Appeals court upholds Mohamed Noor's 3rd-degree murder conviction in Justine Ruszczyk shooting

The Minnesota Court of Appeals upheld the third-degree murder conviction for former Minneapolis police officer Mohamed Noor in the July 2017 shooting death of Justine Ruszczyk Damond. 

Ruszczyk had called 911 fearing a woman was being assaulted near her home in Minneapolis’ Fulton neighborhood. She eventually approached Noor’s squad car in the alley. 

Noor testified at trial that in that moment, he feared an ambush at the driver’s side window and he fired across his partner, killing the 40-year-old Australian woman. 

A jury found Noor guilty of third-degree murder and second-degree manslaughter. He was sentenced to over 12 years in prison. 

Noor’s legal team challenged the third-degree murder statute, arguing it did not appropriately fit the crime.

In Monday’s ruling, a split three-judge panel ruled it did and the conviction will stand. 

The Hennepin County Attorney's Office agreed with the decision.

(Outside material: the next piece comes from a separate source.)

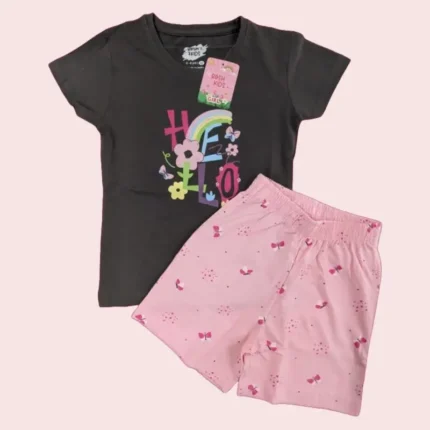100% Cotton Girls Clothing Set - Premium Half Sleeve round neck T-shirt with shorts sets, 3 to 10years, PGSET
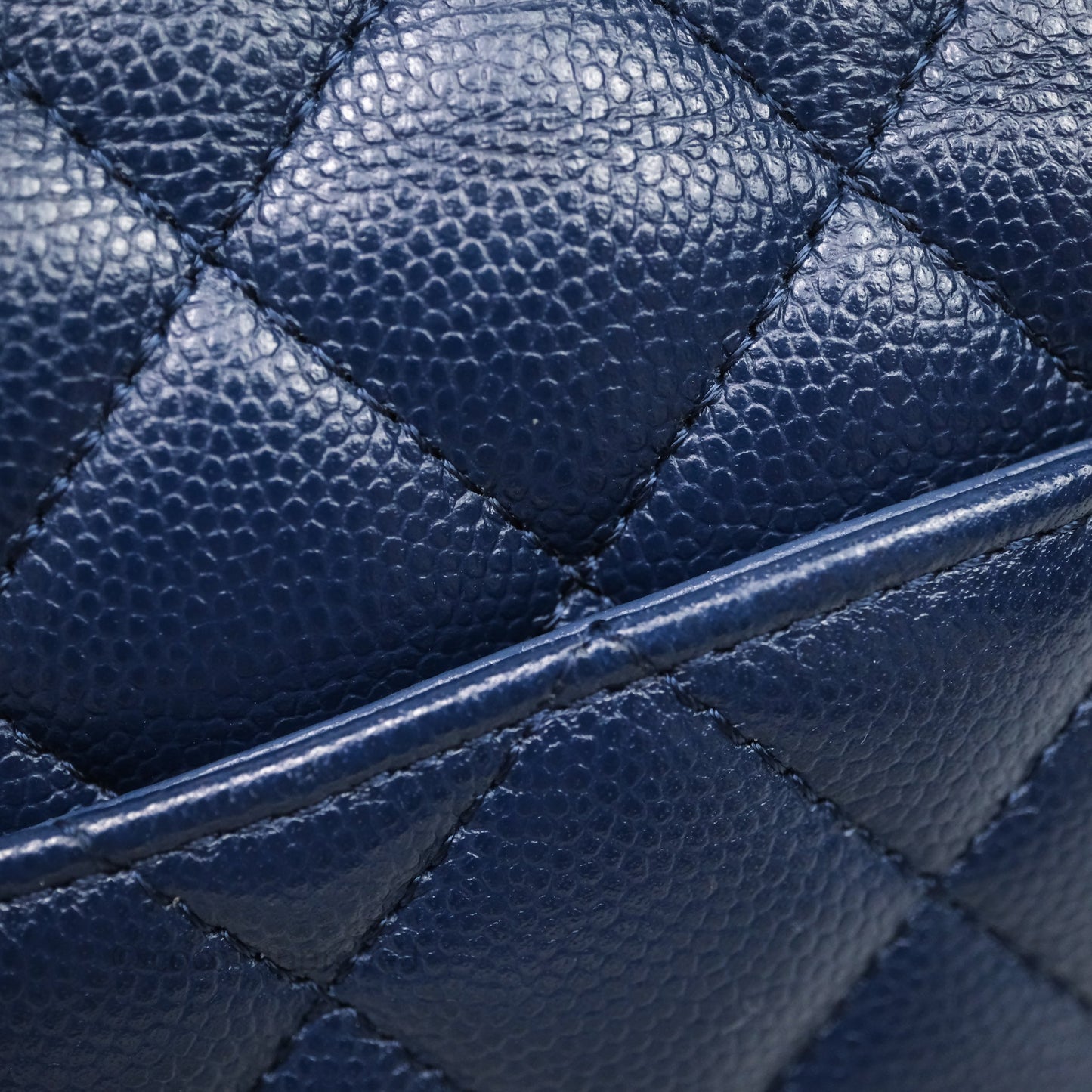 Chanel Medium Classic Flap Quilted Dark Blue Caviar Gold Hardware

"Successful prosecutions of police officers’ unlawful use of deadly force are rare in the United States," read a statement in part from the office. "The Hennepin County Attorney’s Office charged this case because of Officer Noor’s outrageous conduct. We were criticized for bringing that charge. But our prosecutors did remarkable work and the jury agreed and found him guilty. Now the Minnesota Court of Appeals has supported our legal theory as well."

In a current high-profile case, Hennepin County initially charged former Minneapolis police officer Derek Chauvin with third-degree murder in the death of George Floyd. That charge was eventually thrown out by Judge Peter Cahill and Chauvin instead faces charges of second-degree murder and manslaughter.